DIRECTIONS FOR THIS TASK: Beginning with the line containing "seyfocnia Oversized Duffle" and going on through the line containing "Orin – Elegant", the lines below are to be returned exactly, pictures excluded and nothing added.

TASK DATA:

<<<<

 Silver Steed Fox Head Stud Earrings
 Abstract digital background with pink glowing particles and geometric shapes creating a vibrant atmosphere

>>>>
<<<<

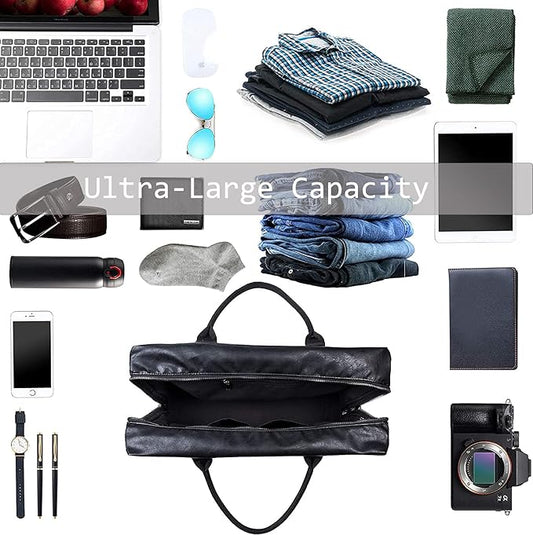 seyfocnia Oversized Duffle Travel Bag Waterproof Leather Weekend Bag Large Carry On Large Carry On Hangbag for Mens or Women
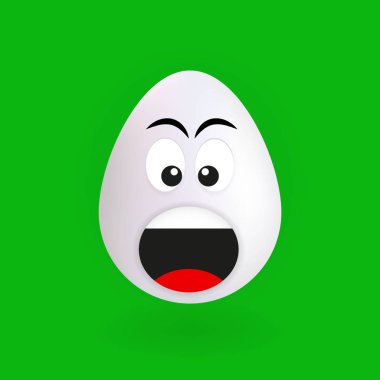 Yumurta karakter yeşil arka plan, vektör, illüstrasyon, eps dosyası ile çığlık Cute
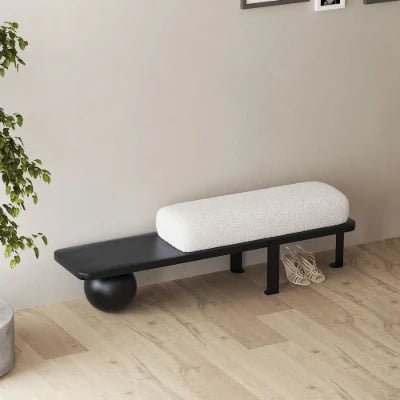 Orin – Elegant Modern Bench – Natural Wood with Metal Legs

>>>>
<<<<

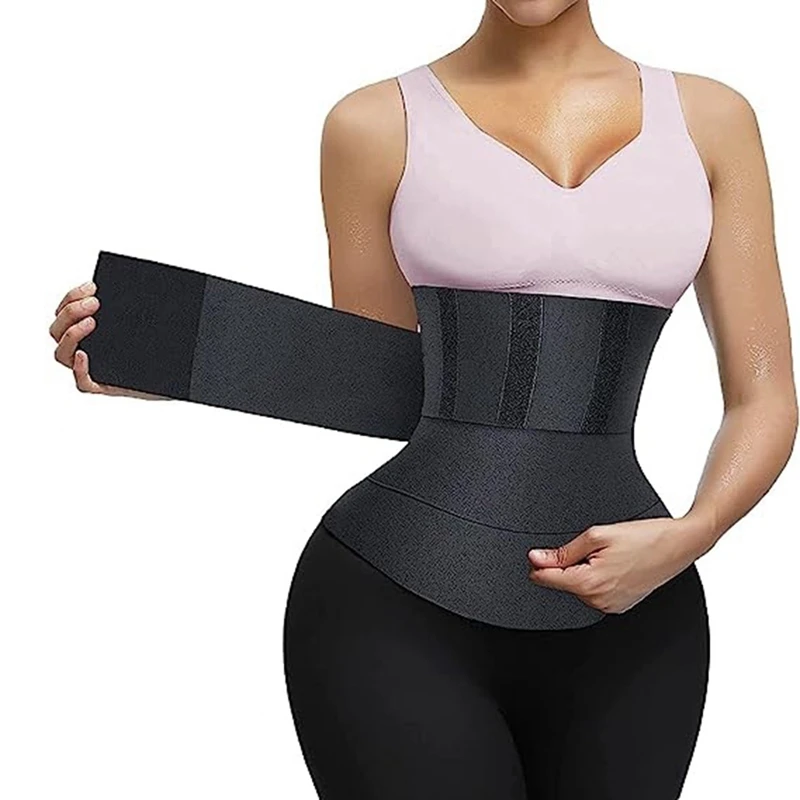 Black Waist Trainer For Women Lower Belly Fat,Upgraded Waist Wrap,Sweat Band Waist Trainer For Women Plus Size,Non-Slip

>>>>

EXERCISE RESPONSE:
 seyfocnia Oversized Duffle Travel Bag Waterproof Leather Weekend Bag Large Carry On Large Carry On Hangbag for Mens or Women
 Yumurta karakter yeşil arka plan, vektör, illüstrasyon, eps dosyası ile çığlık Cute
 Orin – Elegant Modern Bench – Natural Wood with Metal Legs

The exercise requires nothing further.